Honeycreepers are deeply intertwined with the cultural history and evolution of the Hawaiian islands, reflected in the language, stories, songs, and hulas, with their feathers revered as prized possessions.

They are often referred, Kingsley said, as the “jewels” or “kupuna” of the forests.

“Our birds found the islands as some of them were still forming,” Kingsley said, “and were evolving alongside these islands as they were coming up out of the water.”

“So they’re really the ancestors of these places,” she added. “Their voices were some of the first sounds that our landscapes were hearing.”

Funding for this project comes from a combination of sources, including federal agencies such as the US Fish and Wildlife Service and National Park Service, as well as private organizations like The Nature Conservancy and American Bird Conservancy. For example, $16 million was committed to protecting the forest birds by the US Department of the Interior last year, and a supplemental $3 million, announced by the Hawaiian Forest Bird Keystone Initiative, is en route following the adoption of a final Environmental Assessment in March. This follows a proclamation from Gov. Josh Green declaring 2024 as “Makahiki O Nā Manu Nahele: Year of the Forest Birds.”

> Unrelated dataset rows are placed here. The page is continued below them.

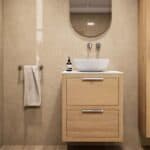 Hangend naturel eiken wastafelmeubel 60 cm met twee lades, vlak front en solid surface waskom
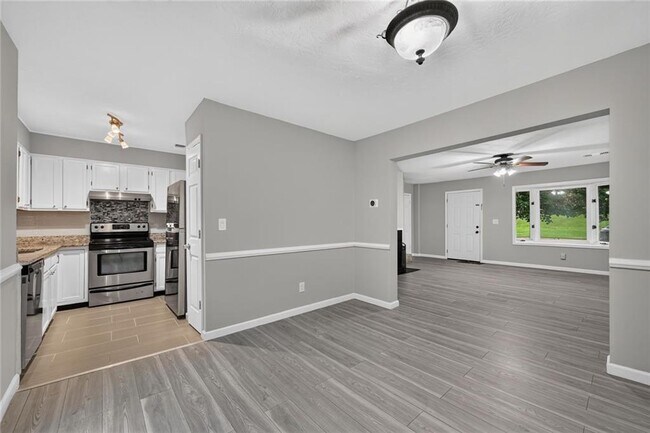 Building Photo - 226 High Creek Dr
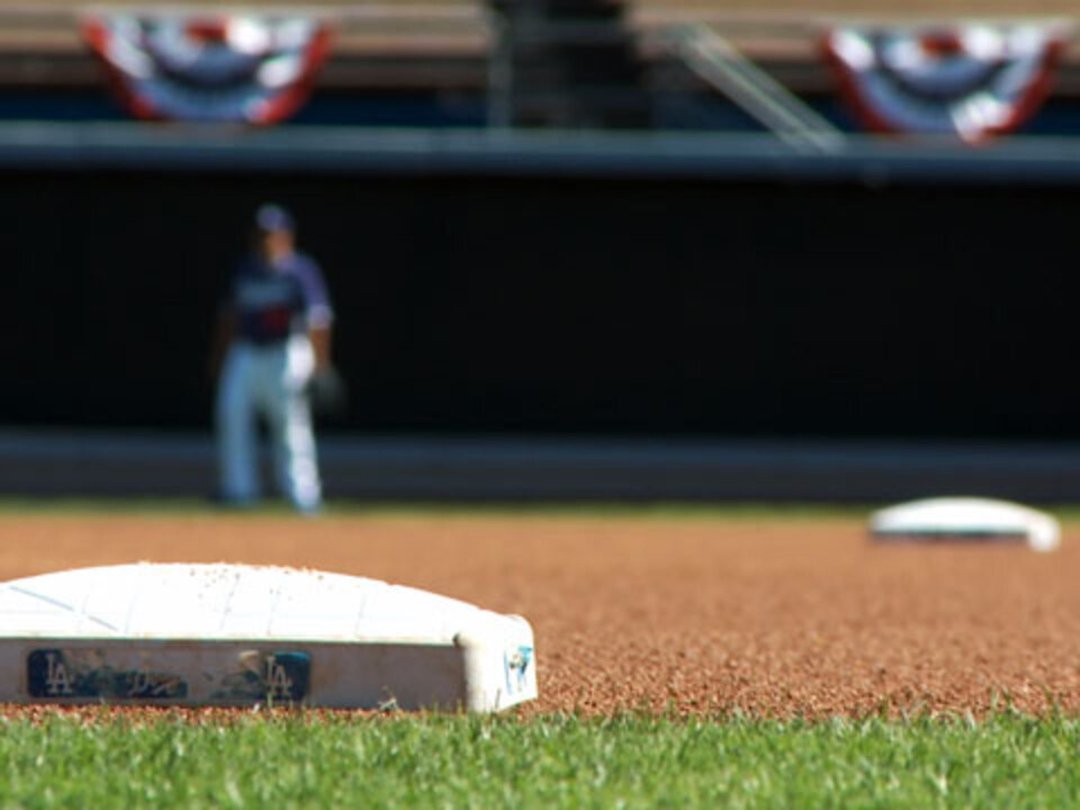 Dodgers & Mets Prep for Game 1 of Epic East/West Showdown
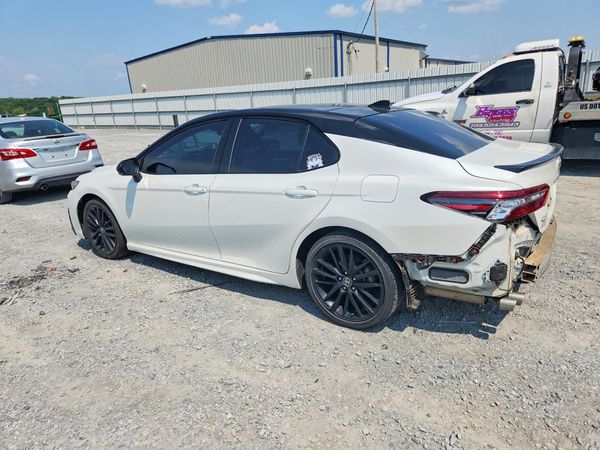 2022 TOYOTA CAMRY XSE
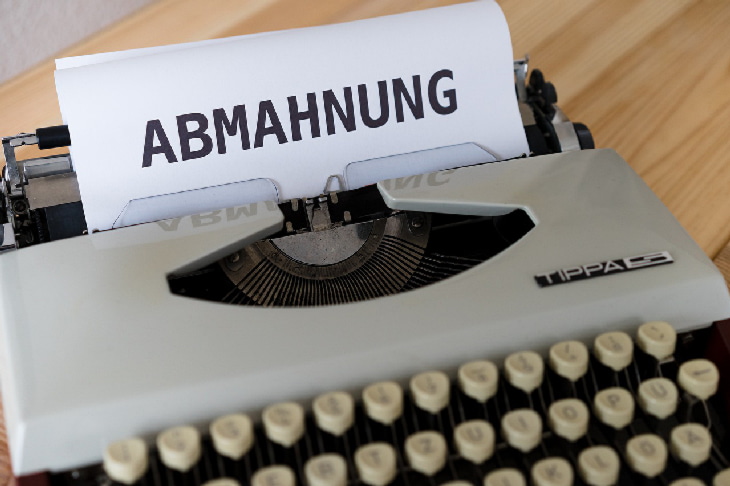 Abmahnung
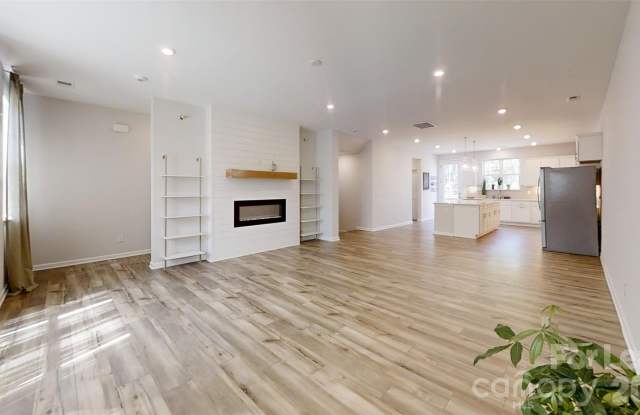 4310 Reed Creek Drive Gallery 4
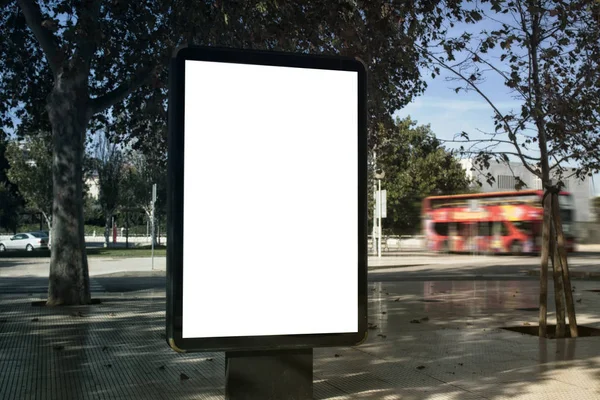 Maquette Caisson Lumineux Verticaux Blancs Vierges Dans Une Rue Dans — Photo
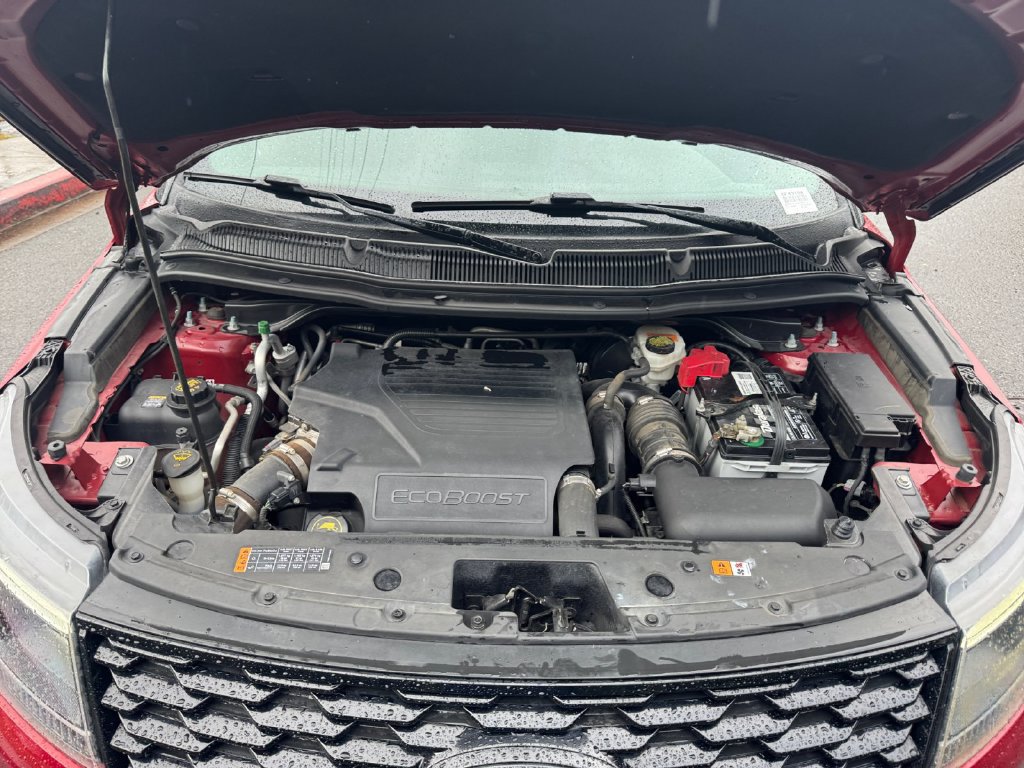 Used 2018 Ford Explorer Sport AWD/4WD image 24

“The Hawaiian islands are bird islands,” said Green during the signing ceremony at the Hawaii State Capitol. “Our native forest birds are fundamental to who we are.”

Despite some setbacks, Webber said she is optimistic about the collaborative honeycreeper conservation efforts and the impacts they will yield on the population.

“Hopefully, in the next few years, we could start to see our bird population rebounding,” Webber said. “It will take some time to see this, it’s not going to be immediate. We have to wait for the birds to nest and have babies, and for those babies to have babies. So it’s going to take a while to show in the numbers. But I think within a couple of years we are going to be able to just start noticing more of these honeycreepers.”